The rear camera turns in uniformly disappointing results. Even given perfect light outdoors, shots tended to look washed out, unfocused, and lacking in detail. In less-than-perfect light, I found it very difficult to avoid blown-out photos, tons of noise, or even both in the same shot.
The selfie cam is sufficient for video calls, but it wouldn’t be my first choice. Video looks washed out and flat, with excessive noise depending on the lighting conditions. Photos look like artifacts from a different time.
The Tab M10 FHD Plus includes a 5,000 mAh battery and supports up to 10W charging. The battery is the same one found in the less expensive Tab M10 HD, and it should really be bigger due to the increased power consumption of the bigger display. When using the tablet during the day for email and web browsing, and at night to stream videos, I found myself needing to put it on the charger every day.
To test the battery, I connected to Wi-Fi, opened YouTube, and streamed HD videos nonstop until the tablet died. Under those conditions, I found it to last only about four hours. You could get more time out of it by shutting off Wi-Fi or lowering the screen brightness, but it still isn’t that great a battery life, and this tablet could definitely use a bigger battery.
The battery is the same one found in the less expensive Tab M10 HD, and it should really be bigger due to the increased power consumption of the bigger display.
The Tab M10 FHD Plus originally shipped with Android Pie, but my test unit came equipped with Android 10 from the factory. There are a couple important takeaways from that.
First, make sure which version of Android the tablet has before you buy it, as you may come across old stock with Android 9. The update may be available immediately in that case, or you may have to wait. Additionally, it’s unlikely the tablet will receive any further OS updates since it’s already technically received one.
Lenovo’s implementation of Android 10 is essentially stock, and I found it to run quite well. There are no unnecessary changes, additions, or cumbersome UX tweaks layered on top. You get pretty close to a stock experience, with the notable addition of Google Kids Space. This is a welcome addition, as it’s totally optional. You can ignore it if you bought the tablet for yourself or an older teen, or open the app and set it up if you want to provide tons of pre-approved apps, books, and other content for a younger child.

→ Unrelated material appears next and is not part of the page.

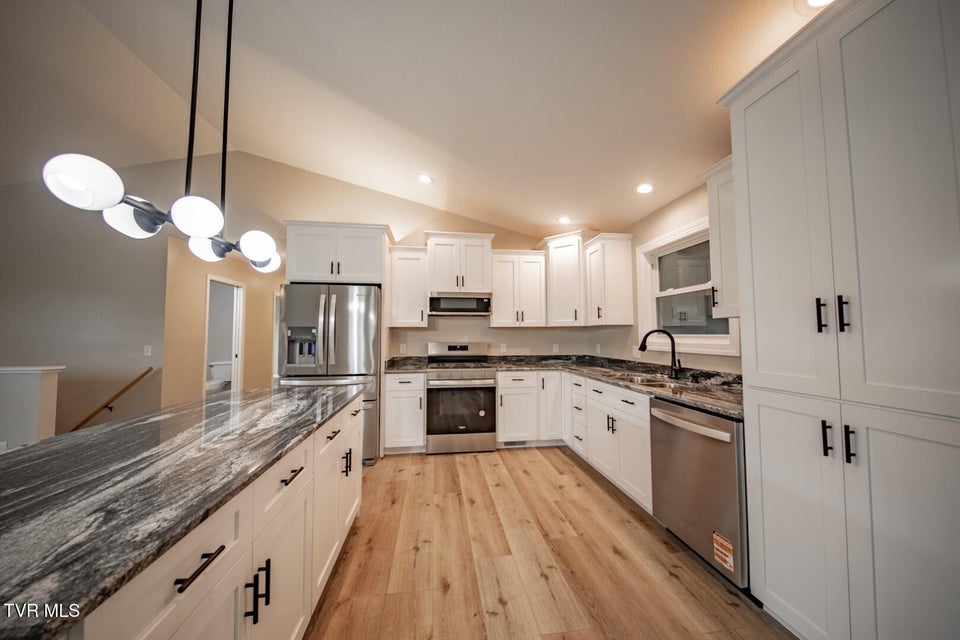 Photo #14: 116 Meadowood Dr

The Tab M10 FHD has an MSRP of between $149.99 and $209.99 depending on the configuration you choose, with the version that includes a dock being a bit more expensive, and those prices are pretty reasonable. I’ve also seen it on sale for a bit less than that, at which point it makes the move from adequately priced to a great deal. If you find the configuration I tested, with 4GB of RAM, it'll be priced closer to $149.99—a fantastic value.
The Tab M10 FHD Plus and Tab M10 HD are similar tablets that share the same processor, similar RAM and storage configurations, and look almost identical to each other. The Tab M10 FHD Plus is a bit bigger thanks to its larger display, and it also has a higher resolution.

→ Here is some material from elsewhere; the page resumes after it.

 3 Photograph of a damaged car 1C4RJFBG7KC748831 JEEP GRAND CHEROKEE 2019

For those reasons alone, the Tab M10 FHD Plus gets a stronger recommendation despite the more affordable price tag of the Tab M10 HD. The only exception is if you’re buying a tablet for a younger child who may not care about being able to make out the individual pixels on the screen, in which case the more aggressive pricing of the Tab M10 HD makes it a good choice.
Great little tablet for the price, but make sure you don't need the dock.
The Lenovo Tab M10 FHD Plus (2020) is a great option if you’re looking for a basic Android tablet for less than $200. It can’t stand up to more expensive tablets, but it’s great for basic tasks like email, web browsing, and streaming media. The only issue is that you can’t get the dock separately, so make sure to grab the Lenovo Smart Tab M10 FHD Plus that includes the dock if you want that functionality.